Preoperative CECT-Based Multitask Model Predicts Peritoneal Recurrence and Disease-Free Survival in Advanced Ovarian Cancer: A Multicenter Study

Acad Radiol. 2024 Apr 30:S1076-6332(24)00231-9. doi: 10.1016/j.acra.2024.04.024. Online ahead of print.

Abstract

Rationale and objectives: Peritoneal recurrence is the predominant pattern of recurrence in advanced ovarian cancer (AOC) and portends a dismal prognosis. Accurate prediction of peritoneal recurrence and disease-free survival (DFS) is crucial to identify patients who might benefit from intensive treatment. We aimed to develop a predictive model for peritoneal recurrence and prognosis in AOC.

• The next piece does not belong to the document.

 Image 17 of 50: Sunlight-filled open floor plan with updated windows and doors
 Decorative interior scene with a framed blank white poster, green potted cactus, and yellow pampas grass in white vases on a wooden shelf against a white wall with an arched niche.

Methods: In this retrospective multi-institution study of 515 patients, an end-to-end multi-task convolutional neural network (MCNN) comprising a segmentation convolutional neural network (CNN) and a classification CNN was developed and tested using preoperative CT images, and MCNN-score was generated to indicate the peritoneal recurrence and DFS status in patients with AOC. We evaluated the accuracy of the model for automatic segmentation and predict prognosis.

Results: The MCNN achieved promising segmentation performances with a mean Dice coefficient of 84.3% (range: 78.8%-87.0%). The MCNN was able to predict peritoneal recurrence in the training (AUC 0.87; 95% CI 0.82-0.90), internal test (0.88; 0.85-0.92), and external test set (0.82; 0.78-0.86). Similarly, MCNN demonstrated consistently high accuracy in predicting recurrence, with an AUC of 0.85; 95% CI 0.82-0.88, 0.83; 95% CI 0.80-0.86, and 0.85; 95% CI 0.83-0.88. For patients with a high MCNN-score of recurrence, it was associated with poorer DFS with P < 0.0001 and hazard ratios of 0.1964 (95% CI: 0.1439-0.2680), 0.3249 (95% CI: 0.1896-0.5565), and 0.3458 (95% CI: 0.2582-0.4632).

Conclusion: The MCNN approach demonstrated high performance in predicting peritoneal recurrence and DFS in patients with AOC.

Keywords: Advanced ovarian cancer; Deep learning; Disease-free survival; Multitask; Peritoneal recurrence.